Originaire de Sidi Hmada, un village de montagne du centre du pays où poussent les derniers érables de Tunisie, El Hani est celui qui a utilisé le premier les mots « Révolution du jasmin » pour désigner le soulèvement de la jeunesse tunisienne en 2011. Déclenché en décembre après l’immolation par le feu du marchand ambulant Mohamed Bouazizi, ce soulèvement donnera le signal du départ aux révoltes qui balaieront le monde arabe de l’Algérie au Yémen.

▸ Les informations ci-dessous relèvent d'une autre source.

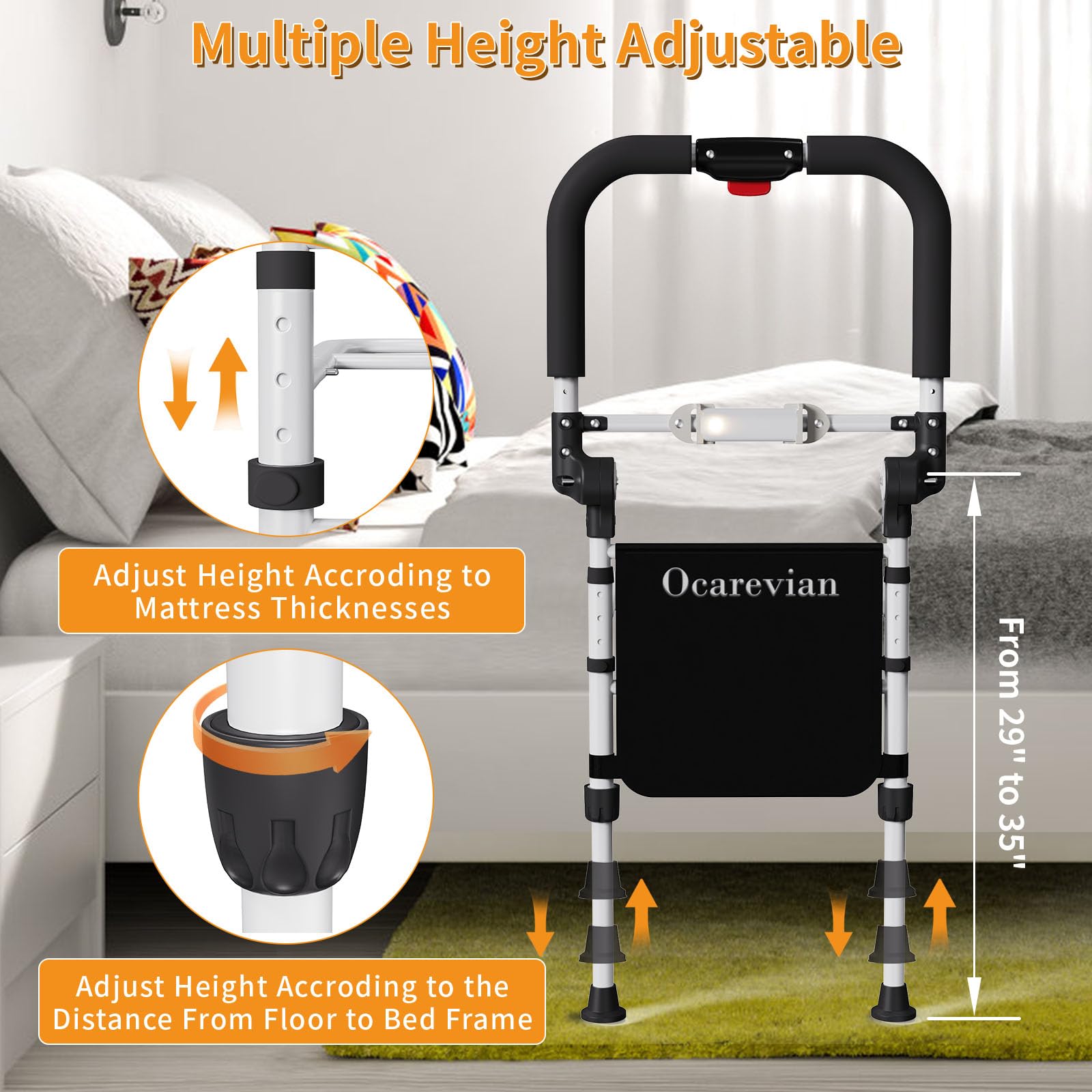 **Foldable Adjustable Bed Rails for Elderly Adults - Safety Bed Handrails with Light & Storage Bag - Fits Queen, Twin & King Beds - Ideal for Seniors, Home Care & Fall Prevention**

« C’était le soir du 13 janvier », se souvient-il, attablé au Grand Café du théâtre, fréquenté par la jeunesse aisée et instruite du pays. Alors que Ben Ali venait de promettre de ne pas se représenter en 2014, l’article affirmait que la jeunesse en révolte « offrait des bouquets de jasmin aux enfants du peuple » pour conclure que, parfois, « la dignité passait avant le pain ».
Deux révolutions
« Nous n’en sommes plus là ! » déplore Hassen Zargouni, directeur général de Sigma Conseil, un bureau d’études implanté dans toute l’Afrique du Nord. Depuis, la Tunisie a connu huit gouvernements, dont aucun n’a pu s’entendre pour créer la Cour suprême, appliquer les règles électorales et instaurer une justice indépendante. Jusqu’à ce que le président Kaïs Saïed, plébiscité en 2019 par 72 % des électeurs, dissolve le Parlement et fasse adopter par référendum une nouvelle constitution lui octroyant tous les pouvoirs, de l’initiative des lois à la révocation des ministres.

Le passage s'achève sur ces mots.